> [What is being asked]: Repeat, exactly as written, the line containing "3/5/10Pcs Artificial Flower" and each line after it through the end of the data.

--- Extracted data ---

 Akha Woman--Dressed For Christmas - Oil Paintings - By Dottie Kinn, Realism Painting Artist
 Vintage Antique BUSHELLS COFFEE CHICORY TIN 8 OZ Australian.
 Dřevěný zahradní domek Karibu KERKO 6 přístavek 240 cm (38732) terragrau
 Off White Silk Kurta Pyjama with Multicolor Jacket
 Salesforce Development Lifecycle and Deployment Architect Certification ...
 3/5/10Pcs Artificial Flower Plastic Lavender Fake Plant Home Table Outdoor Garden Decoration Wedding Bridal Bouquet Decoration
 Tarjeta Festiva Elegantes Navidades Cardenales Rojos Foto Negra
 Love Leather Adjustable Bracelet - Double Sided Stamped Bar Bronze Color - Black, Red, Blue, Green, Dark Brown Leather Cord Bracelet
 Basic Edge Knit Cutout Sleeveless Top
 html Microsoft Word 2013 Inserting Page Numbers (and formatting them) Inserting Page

---

> [Result of the exercise]:
 3/5/10Pcs Artificial Flower Plastic Lavender Fake Plant Home Table Outdoor Garden Decoration Wedding Bridal Bouquet Decoration
 Tarjeta Festiva Elegantes Navidades Cardenales Rojos Foto Negra
 Love Leather Adjustable Bracelet - Double Sided Stamped Bar Bronze Color - Black, Red, Blue, Green, Dark Brown Leather Cord Bracelet
 Basic Edge Knit Cutout Sleeveless Top
 html Microsoft Word 2013 Inserting Page Numbers (and formatting them) Inserting Page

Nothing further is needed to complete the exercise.